No recorte mensal, cinco dos oito segmentos apresentaram crescimento em julho. A maior alta foi registrada em Artigos Farmacêuticos (2,5%), seguida por Combustíveis e Lubrificantes (2,1% , Hipermercados, Supermercados, Produtos Alimentícios, Bebidas e Fumo (1,6%) e Material de Construção (1%). Entre os segmentos que registraram retração estão Tecidos, Vestuário e Calçados (4,1%), Móveis e Eletrodomésticos (2,2%), Livros, Jornais, Revistas e Papelaria (1,1%) e Outros Artigos de Uso Pessoal e Doméstico (0,6%).

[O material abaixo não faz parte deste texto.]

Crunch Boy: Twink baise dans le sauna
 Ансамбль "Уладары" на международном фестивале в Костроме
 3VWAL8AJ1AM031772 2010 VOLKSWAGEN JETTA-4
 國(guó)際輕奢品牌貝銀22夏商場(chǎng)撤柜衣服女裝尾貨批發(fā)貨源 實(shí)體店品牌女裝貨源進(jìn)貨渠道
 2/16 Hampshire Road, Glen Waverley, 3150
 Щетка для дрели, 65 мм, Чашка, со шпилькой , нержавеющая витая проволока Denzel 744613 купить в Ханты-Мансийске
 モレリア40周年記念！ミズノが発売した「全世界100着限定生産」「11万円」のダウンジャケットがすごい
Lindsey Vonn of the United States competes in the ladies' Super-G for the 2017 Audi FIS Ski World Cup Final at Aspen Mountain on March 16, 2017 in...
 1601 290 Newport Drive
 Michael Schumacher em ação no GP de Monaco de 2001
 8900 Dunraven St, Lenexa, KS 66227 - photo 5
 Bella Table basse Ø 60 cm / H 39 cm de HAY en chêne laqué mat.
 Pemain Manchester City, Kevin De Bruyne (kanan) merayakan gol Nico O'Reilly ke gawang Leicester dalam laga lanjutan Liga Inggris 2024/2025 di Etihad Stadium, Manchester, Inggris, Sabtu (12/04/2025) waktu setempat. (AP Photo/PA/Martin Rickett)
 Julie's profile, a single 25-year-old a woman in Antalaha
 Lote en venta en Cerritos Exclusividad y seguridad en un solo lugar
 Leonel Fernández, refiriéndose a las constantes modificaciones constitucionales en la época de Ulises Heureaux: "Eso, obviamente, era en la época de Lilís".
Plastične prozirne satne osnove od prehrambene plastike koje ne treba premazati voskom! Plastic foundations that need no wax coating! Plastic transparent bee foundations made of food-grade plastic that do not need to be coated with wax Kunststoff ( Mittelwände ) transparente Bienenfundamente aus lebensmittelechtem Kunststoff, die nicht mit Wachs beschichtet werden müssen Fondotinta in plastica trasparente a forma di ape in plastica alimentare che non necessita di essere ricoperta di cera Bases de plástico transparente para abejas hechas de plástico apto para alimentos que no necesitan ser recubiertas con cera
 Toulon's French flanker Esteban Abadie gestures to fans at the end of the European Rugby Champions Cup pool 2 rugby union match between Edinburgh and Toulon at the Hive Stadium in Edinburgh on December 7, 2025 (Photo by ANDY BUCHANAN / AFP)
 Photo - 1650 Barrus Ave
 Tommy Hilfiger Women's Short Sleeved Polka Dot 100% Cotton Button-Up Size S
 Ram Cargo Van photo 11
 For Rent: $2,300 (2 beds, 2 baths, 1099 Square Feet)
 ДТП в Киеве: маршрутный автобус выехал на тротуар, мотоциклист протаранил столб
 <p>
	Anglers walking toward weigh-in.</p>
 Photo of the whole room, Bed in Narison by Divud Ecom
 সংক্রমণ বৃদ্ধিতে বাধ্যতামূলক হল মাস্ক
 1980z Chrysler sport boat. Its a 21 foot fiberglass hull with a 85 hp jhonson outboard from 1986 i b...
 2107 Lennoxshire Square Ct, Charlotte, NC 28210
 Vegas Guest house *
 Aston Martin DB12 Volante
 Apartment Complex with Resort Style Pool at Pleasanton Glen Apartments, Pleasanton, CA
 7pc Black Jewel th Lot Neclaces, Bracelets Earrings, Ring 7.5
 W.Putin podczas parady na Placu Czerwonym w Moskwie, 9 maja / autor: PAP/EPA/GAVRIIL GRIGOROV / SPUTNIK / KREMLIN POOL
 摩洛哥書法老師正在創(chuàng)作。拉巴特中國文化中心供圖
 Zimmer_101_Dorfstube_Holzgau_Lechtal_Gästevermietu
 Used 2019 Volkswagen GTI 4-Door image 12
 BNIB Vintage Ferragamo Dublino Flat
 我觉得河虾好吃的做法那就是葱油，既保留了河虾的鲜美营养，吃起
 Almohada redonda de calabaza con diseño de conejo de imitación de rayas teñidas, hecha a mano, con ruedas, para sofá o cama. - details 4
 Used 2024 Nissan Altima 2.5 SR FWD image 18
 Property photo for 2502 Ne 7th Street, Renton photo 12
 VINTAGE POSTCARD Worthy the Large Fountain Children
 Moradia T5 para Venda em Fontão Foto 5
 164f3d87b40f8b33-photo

No comparativo anual, sete dos oito segmentos analisados apresentaram crescimento. A maior alta foi observada em Combustíveis e Lubrificantes (9,1%), seguida por Hipermercados, Supermercados, Produtos Alimentícios, Bebidas e Fumo (7,4%), Material de Construção (5,2%), Artigos Farmacêuticos (5%), Livros, Jornais, Revistas e Papelaria (3,9%), Outros Artigos de Uso Pessoal e Doméstico (1,8%) e Móveis e Eletrodomésticos (0,8%). Tecidos, vestuário e calçados foi o único segmento a apresentar retração, com queda de 5,6%.

Destaques regionais

No recorte regional, 24 estados apresentaram crescimento em julho, na comparação anual. O maior avanço foi registrado em Roraima (18,2%), seguido por Mato Grosso do Sul (9,5%), Acre (7,4%), Rondônia (6,3%), Amapá (5,7%), Amazonas e Pará (5,2%), Minas Gerais (4,8%), Alagoas e Distrito Federal (4,6%), Paraíba (4,5%), Maranhão (4,4%), São Paulo (4,2%), Pernambuco (3,4%), Bahia e Santa Catarina (3%), Rio Grande do Norte (2,9%), Sergipe (2,7%), Goiás (2,2%), Rio de Janeiro (1,9%), Piauí (1,7%), Paraná (1,4%), Ceará, Espírito Santo e Mato Grosso (0,5%). Entre os estados que registraram retração estão Rio Grande do Sul (2,6%) e Tocantins (1,9%).